The study was published in the American Geophysical Union journal Geophysical Research Letters on June 8, 2016. The study was led by Alia Khan, a lead author of the study and a graduate researcher at the Institute of Arctic and Alpine Research (INSTAAR) at the University of Colorado Boulder and Diane McKnight, the co-author of the study and a professor of Civil, Environmental and Architectural Engineering at CU-Boulder. It was also co-authored by Yan Ding and Rudolf Jaffe of Florida International University.
Khan explained that they go through the long-term history of those lakes and that there are no local forest fires burning in the neighboring areas. With this, they can be more certain that those woody signatures have come over from Africa, South America or Australia, for instance. She further explained that overall, there have been relatively limited direct measurements of dissolved black carbon in the cryosphere due to the problems of sample collection from these remote environments. She added that these are the first they know of from freshwater lakes in Antarctica, according to the American Geophysical Union.

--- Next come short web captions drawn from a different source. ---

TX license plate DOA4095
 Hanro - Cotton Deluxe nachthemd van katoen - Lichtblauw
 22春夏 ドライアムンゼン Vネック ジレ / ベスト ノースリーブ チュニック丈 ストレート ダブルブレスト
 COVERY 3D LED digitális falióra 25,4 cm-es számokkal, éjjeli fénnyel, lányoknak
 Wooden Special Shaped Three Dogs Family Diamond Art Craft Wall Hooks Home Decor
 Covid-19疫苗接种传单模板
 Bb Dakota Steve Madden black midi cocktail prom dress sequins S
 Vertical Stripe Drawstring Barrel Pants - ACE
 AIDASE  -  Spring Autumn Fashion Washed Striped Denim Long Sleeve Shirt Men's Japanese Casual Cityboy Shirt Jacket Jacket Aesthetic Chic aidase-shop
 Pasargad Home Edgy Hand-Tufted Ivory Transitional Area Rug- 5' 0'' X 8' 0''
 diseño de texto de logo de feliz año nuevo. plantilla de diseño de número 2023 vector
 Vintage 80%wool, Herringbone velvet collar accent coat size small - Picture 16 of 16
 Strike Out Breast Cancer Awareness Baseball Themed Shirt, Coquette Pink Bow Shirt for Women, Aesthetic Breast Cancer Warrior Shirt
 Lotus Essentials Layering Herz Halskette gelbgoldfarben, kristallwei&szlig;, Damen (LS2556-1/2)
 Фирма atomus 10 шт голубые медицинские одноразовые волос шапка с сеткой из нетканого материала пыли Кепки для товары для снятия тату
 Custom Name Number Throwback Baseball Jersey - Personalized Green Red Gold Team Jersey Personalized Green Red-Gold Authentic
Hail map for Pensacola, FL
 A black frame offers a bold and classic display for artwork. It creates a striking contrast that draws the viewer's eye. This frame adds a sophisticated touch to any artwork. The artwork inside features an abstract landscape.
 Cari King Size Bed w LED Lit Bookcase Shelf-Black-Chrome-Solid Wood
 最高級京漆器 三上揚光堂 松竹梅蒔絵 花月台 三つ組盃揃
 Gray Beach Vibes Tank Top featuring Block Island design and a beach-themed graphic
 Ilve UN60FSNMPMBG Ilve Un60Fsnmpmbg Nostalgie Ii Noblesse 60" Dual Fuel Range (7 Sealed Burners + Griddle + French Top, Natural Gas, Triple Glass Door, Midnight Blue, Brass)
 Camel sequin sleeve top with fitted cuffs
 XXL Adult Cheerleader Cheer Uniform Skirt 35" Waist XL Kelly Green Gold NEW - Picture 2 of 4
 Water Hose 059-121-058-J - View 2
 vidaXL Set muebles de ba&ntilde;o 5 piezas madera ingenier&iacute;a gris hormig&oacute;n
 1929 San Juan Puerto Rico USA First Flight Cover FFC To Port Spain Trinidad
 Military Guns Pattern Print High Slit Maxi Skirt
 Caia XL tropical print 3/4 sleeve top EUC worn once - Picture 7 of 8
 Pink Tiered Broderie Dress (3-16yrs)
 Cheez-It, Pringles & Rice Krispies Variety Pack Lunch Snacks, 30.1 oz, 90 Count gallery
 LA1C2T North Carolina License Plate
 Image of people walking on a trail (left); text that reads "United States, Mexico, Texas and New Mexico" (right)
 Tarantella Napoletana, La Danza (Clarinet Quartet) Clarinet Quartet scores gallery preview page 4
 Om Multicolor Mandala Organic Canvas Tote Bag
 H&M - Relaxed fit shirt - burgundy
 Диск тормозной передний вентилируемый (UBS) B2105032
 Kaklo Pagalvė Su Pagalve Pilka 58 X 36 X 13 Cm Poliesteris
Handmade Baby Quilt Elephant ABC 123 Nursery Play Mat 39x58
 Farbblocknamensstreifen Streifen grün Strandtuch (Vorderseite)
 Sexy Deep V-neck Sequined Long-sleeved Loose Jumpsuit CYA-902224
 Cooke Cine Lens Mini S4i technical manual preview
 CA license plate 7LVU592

In the study, it reveals that the dissolved black carbon can stay in freshwater and saline surface waters for thousands of years, while conserving the chemical signature of the original source materials. The prehistoric seawaters of the lake bottom waters have preserved the dissolved black carbon with a woody chemical signature. In contrast, the waters are supplemented in black carbon from fossil fuel combustion. The enrichment in anthropogenic black carbon just exists recently based on the samples collected. The distinctions in the chemical composition of dissolved black carbon among the lakes are possible due to biogeochemical processing that includes the sorption on metal oxides and the photochemical degradation.
This study may release information and conclusion on how the black carbon signatures have moved over time and how the dissolved black carbon is carried to the world's oceans and lakes.